What is required: Your task is to transcribe the lines from the start of the data below through the line containing "44mm Parnis Black", inclusive, exactly as they stand and without the pictures.
--------
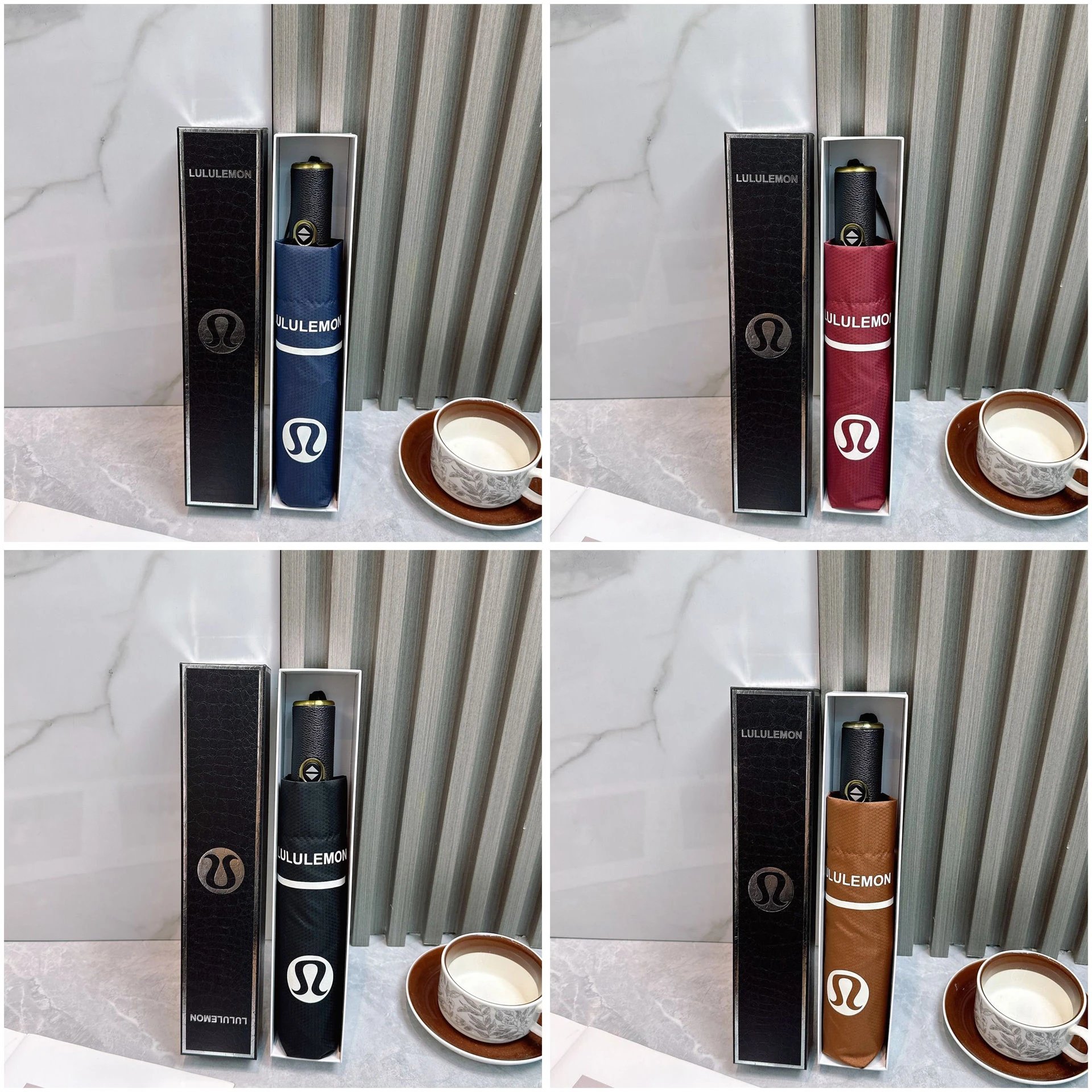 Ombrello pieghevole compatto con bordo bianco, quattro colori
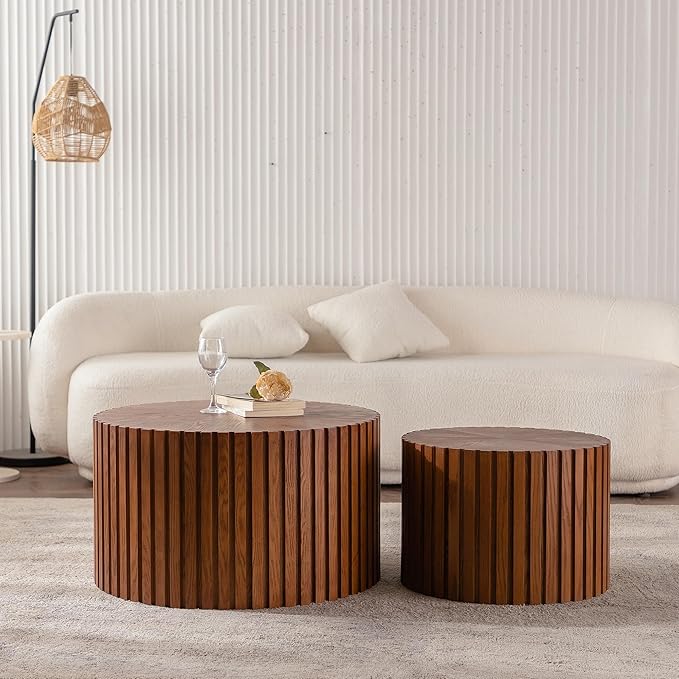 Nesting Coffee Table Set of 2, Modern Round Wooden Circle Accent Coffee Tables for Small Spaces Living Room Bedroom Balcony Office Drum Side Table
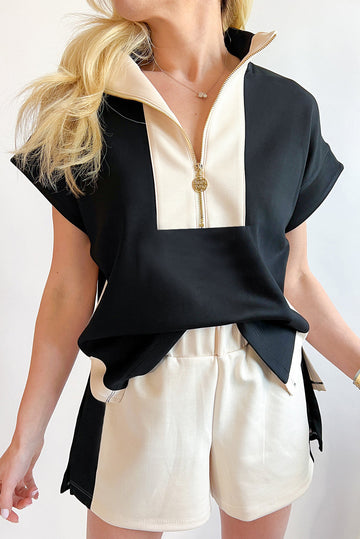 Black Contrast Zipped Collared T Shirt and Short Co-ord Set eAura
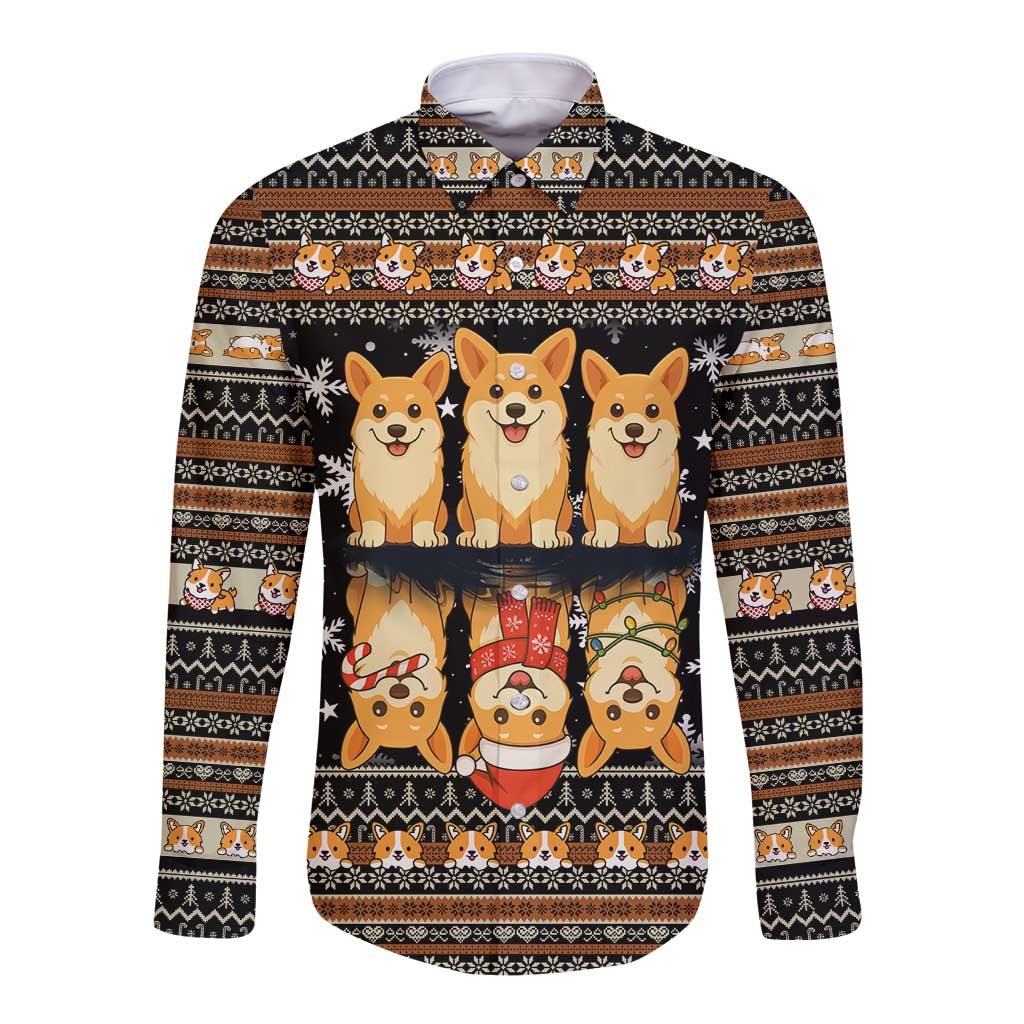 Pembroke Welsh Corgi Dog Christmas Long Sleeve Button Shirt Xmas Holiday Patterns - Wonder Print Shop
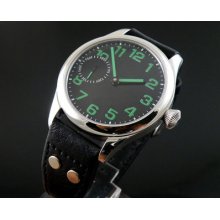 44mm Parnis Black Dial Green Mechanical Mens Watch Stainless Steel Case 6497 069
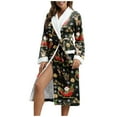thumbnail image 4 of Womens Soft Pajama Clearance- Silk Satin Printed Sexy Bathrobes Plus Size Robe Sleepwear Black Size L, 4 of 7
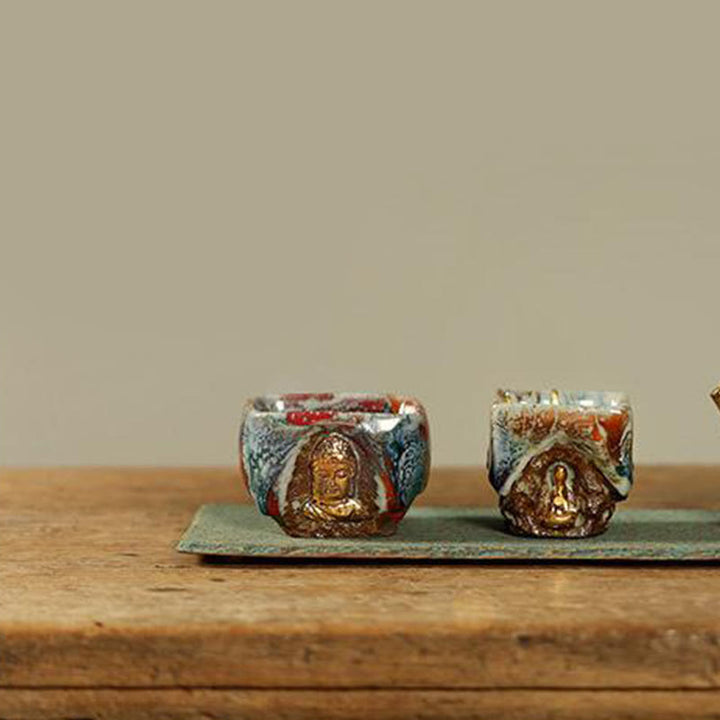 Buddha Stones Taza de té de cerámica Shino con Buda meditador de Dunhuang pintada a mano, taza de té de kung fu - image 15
--------
Output for this exercise:
 Ombrello pieghevole compatto con bordo bianco, quattro colori
 Nesting Coffee Table Set of 2, Modern Round Wooden Circle Accent Coffee Tables for Small Spaces Living Room Bedroom Balcony Office Drum Side Table
 Black Contrast Zipped Collared T Shirt and Short Co-ord Set eAura
 Pembroke Welsh Corgi Dog Christmas Long Sleeve Button Shirt Xmas Holiday Patterns - Wonder Print Shop
 44mm Parnis Black Dial Green Mechanical Mens Watch Stainless Steel Case 6497 069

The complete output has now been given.